I'm using XMLReader and PHP to process a moderately-sized XML file (6mb) and basically break up the attribute data and insert it into my own database. Problem is, each element has a variable number of subelements with identically named attributes.
Here's an example (this is open data about the government courtesy of govtrack.us):
<?xml version="1.0" ?>
<people>
<person id='400001' lastname='Abercrombie' firstname='Neil' birthday='1938-06-26' gender='M' pvsid='26827' osid='N00007665' bioguideid='A000014' metavidid='Neil_Abercrombie' youtubeid='hawaiirep1' name='Rep. Neil Abercrombie [D, HI-1]' title='Rep.' state='HI' district='1' >
<role type='rep' startdate='1985-01-03' enddate='1986-10-18' party='Democrat' state='HI' district='1' />
<role type='rep' startdate='1991-01-03' enddate='1992-10-09' party='Democrat' state='HI' district='1' />
<role type='rep' startdate='1993-01-05' enddate='1994-12-01' party='Democrat' state='HI' district='1' />
<role type='rep' startdate='1995-01-04' enddate='1996-10-04' party='Democrat' state='HI' district='1' />
<role type='rep' startdate='1997-01-07' enddate='1998-12-19' party='Democrat' state='HI' district='1' />
<role type='rep' startdate='1999-01-06' enddate='2000-12-15' party='Democrat' state='HI' district='1' />
<role type='rep' startdate='2001-01-03' enddate='2002-11-22' party='Democrat' state='HI' district='1' />
<role type='rep' startdate='2003-01-07' enddate='2004-12-09' party='Democrat' state='HI' district='1' url='http://www.house.gov/abercrombie' />
<role type='rep' startdate='2005-01-04' enddate='2006-12-08' party='Democrat' state='HI' district='1' url='http://www.house.gov/abercrombie' />
<role type='rep' startdate='2007-01-04' enddate='2009-01-03' party='Democrat' state='HI' district='1' url='http://www.house.gov/abercrombie' />
<role type='rep' startdate='2009-01-06' enddate='2010-03-01' party='Democrat' state='HI' district='1' url='http://www.house.gov/abercrombie' />
</person>
I don't need any fancy logic to be performed on the attributes.
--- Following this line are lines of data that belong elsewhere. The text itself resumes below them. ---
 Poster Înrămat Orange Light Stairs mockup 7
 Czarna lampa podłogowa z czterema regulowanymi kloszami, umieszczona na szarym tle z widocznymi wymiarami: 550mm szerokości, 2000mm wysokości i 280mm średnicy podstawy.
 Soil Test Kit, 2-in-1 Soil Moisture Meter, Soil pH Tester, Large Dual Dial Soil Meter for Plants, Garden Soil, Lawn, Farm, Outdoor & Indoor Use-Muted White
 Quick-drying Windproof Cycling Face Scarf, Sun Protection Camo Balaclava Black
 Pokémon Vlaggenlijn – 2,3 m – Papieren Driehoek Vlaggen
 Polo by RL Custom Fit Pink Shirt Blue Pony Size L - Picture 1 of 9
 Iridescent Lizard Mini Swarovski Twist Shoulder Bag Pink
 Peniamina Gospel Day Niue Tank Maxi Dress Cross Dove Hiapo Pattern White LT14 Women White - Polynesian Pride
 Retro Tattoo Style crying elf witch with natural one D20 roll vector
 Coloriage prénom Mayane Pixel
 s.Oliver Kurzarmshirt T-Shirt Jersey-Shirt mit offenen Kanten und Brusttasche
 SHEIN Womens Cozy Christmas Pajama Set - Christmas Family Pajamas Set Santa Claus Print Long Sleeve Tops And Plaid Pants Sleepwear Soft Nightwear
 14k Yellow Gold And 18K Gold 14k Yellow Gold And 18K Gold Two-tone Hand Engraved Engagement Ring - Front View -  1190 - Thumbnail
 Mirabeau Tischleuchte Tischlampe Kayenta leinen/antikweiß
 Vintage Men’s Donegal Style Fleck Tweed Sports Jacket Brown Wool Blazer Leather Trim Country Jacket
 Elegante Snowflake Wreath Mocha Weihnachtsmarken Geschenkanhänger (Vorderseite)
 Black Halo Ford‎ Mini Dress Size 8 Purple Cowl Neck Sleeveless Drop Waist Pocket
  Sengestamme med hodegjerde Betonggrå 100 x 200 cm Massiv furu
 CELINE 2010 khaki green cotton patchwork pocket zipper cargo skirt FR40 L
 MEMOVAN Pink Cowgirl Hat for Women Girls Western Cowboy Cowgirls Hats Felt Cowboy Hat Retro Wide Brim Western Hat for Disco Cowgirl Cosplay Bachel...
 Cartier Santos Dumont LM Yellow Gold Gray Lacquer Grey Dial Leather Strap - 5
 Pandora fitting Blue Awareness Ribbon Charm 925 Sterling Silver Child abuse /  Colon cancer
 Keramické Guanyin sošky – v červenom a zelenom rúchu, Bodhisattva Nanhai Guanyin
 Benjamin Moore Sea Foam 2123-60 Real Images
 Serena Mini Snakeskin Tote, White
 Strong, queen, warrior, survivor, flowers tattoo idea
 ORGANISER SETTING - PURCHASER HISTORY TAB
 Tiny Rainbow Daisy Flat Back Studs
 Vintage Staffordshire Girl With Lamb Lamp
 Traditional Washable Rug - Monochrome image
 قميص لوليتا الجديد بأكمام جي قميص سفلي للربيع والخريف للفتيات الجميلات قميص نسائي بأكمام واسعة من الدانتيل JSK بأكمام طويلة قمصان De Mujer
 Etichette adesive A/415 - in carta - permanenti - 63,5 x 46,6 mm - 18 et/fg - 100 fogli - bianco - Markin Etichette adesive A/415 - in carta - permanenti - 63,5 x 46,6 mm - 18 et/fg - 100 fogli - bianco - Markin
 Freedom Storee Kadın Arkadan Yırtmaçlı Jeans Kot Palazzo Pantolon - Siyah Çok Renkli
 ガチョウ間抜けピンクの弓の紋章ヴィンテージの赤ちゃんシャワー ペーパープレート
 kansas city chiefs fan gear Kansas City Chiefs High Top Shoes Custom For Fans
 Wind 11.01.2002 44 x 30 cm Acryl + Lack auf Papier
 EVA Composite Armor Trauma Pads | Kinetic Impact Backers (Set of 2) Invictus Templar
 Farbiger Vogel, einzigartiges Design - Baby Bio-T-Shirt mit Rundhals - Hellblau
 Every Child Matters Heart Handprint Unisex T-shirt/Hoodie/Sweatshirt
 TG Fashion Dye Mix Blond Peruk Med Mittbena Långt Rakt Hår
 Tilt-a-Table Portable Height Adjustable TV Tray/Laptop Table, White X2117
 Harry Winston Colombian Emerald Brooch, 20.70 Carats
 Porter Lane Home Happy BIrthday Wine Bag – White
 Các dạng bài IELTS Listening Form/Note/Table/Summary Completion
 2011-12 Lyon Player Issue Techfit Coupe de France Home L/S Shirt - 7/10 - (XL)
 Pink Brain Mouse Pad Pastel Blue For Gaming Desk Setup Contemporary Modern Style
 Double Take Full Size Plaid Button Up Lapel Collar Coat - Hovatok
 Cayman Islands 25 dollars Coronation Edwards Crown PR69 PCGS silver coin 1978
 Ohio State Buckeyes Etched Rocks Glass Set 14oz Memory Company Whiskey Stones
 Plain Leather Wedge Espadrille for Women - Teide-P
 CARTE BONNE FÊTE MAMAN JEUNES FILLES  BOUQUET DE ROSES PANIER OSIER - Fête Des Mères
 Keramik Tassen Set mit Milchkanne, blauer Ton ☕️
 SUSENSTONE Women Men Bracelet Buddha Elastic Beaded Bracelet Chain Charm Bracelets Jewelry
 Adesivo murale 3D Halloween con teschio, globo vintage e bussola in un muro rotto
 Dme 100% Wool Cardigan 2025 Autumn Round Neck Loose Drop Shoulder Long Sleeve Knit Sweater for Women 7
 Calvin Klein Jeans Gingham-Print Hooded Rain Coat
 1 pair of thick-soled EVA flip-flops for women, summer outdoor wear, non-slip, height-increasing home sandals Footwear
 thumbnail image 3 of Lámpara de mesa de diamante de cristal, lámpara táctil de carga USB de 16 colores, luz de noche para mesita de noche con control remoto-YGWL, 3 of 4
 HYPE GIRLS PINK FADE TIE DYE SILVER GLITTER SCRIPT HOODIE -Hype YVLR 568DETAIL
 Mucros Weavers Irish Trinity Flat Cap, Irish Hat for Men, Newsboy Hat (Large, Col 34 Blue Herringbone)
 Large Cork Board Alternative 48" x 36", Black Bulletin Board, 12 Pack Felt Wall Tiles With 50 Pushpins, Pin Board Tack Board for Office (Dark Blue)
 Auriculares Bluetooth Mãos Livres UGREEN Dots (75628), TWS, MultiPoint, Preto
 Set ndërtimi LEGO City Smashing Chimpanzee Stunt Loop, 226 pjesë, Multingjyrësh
At the beginning of my script, I check to see if I've already processed this particular record (based on the 'id' attribute), and then I grab pretty much every attribute and parse it into my db. But there are two problems:
1) When I use this:
$p->getAttribute('id')
to get the 'id', it gives it to me twice, separate by as many line breaks as there are subelements in the element (I think the comment on this page speaks to that, but I'm not sure what to do about it).
2) How do I access the attributes of each subelement sequentially? This:
$p->getAttribute('startdate')
gives me every 'startdate' value separated by multiple line breaks. I just need to grab the id of the element and then cycle through each of the 'role' subelements.
Any ideas?
For edification, here's the super-simple controller I have so far:
$f = base_url().'data/people.xml';
$p = new XMLReader;
$p->open($f);
while($p->read())
{
if($this->_notImported('govtrack',$p->getAttribute('id')))
{
// here I just grab the attributes, put them into arrays to insert, like so:
$insert = array('indiv_name' => $full_name,
'indiv_first' => ($p->getAttribute(‘firstname’)),
'indiv_last' => ($p->getAttribute(‘lastname’)),
'indiv_middle' => ($p->getAttribute(‘middlename’)),
'indiv_other' => ($p->getAttribute(‘namemod’)),
'indiv_full_name' => $full_name,
'indiv_title' => ($p->getAttribute(‘title’)),
'indiv_dob' => ($p->getAttribute(‘birthday’)),
'indiv_gender' => ($p->getAttribute(‘gender’)),
'indiv_religion' => ($p->getAttribute(‘religion’)),
'indiv_url' => ($url)
);
For the element, this is not as difficult, but I don't know how to cycle through each of the 'role' subelements and grab the attributes separately.